Adopting something similar in Nigeria could be a game changer. It balances long-term security with short-term flexibility, and it saves regulators from the endless lobbying that arise when people demand access.
Think of it like Nigerian jollof and plantain. The jollof is the main course, meant to simmer and grow over time. The plantain is the quick bite, ready when hunger cannot wait. Both are needed on the plate.
External Fund Valuation: Building Trust
As portfolios become more complex, credibility will matter even more. Right now, PFAs and custodians mark their own books. Globally, that is not how it is done. Independent fund valuers are used to reassure contributors that numbers are real and not house-marked.
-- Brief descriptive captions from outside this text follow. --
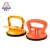Import small suction cups single suction lifter high quality low price from China
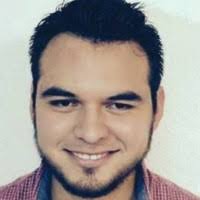 Luis Miguel Castillo Castro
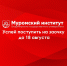 Подайте документы до 18 августа и получите высшее образование заочно! - Муромский филиал ВлГУ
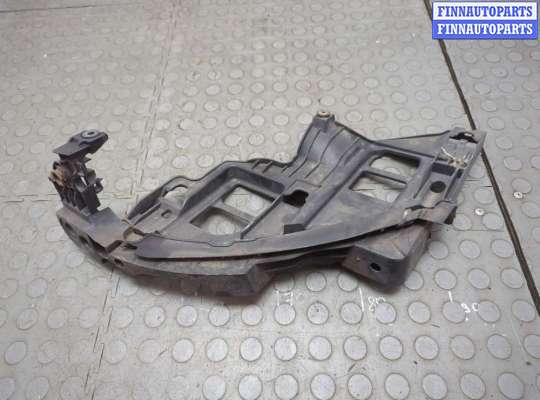 купить Кронштейн фары на Volkswagen Golf 6 2008-2012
Firms like RisCura and Alexander Forbes, or the global Big Four and their local affiliates, can play this role. For illiquid assets like infrastructure and private equity, it is a requirement. In Nigeria, assets are already held by custodians, so bringing in external valuers simply completes the trust chain.
It frees PFAs to focus on investing, while professionals handle the valuations. The message to contributors is clear: your money is being counted with independent eyes.
Scale, Systems and the Future of PFAs
Finally, PFAs need better tools. The system built in 2004 was fine for a world of government bonds and fixed deposits. But if Nigeria is serious about alternatives and long-term investing, the technology must catch up.
Globally, funds use sophisticated platforms such as BlackRock’s Aladdin or SimCorp Dimension. These systems allow managers to monitor risk in real time, run simulations, and match assets to long-term liabilities. Without them, PFAs are managing trillions with spreadsheets and monthly reports.
The problem is cost. These systems are expensive, and smaller PFAs will struggle. Scale will matter. Consolidation may not be a comfortable topic, but if we want world-class pensions, operators need world-class tools.
Part II of this discussion highlights three truths. Offshore investing is attractive but politically difficult until reserves are strong. Nigeria’s lack of social welfare makes a Two-Pot system not just desirable but necessary. And credibility in a maturing market requires external valuations and stronger systems.
Each reform points in the same direction: building a pension industry that is flexible, trustworthy, and future-ready. The foundation has been laid since 2004. Now the task is modernisation.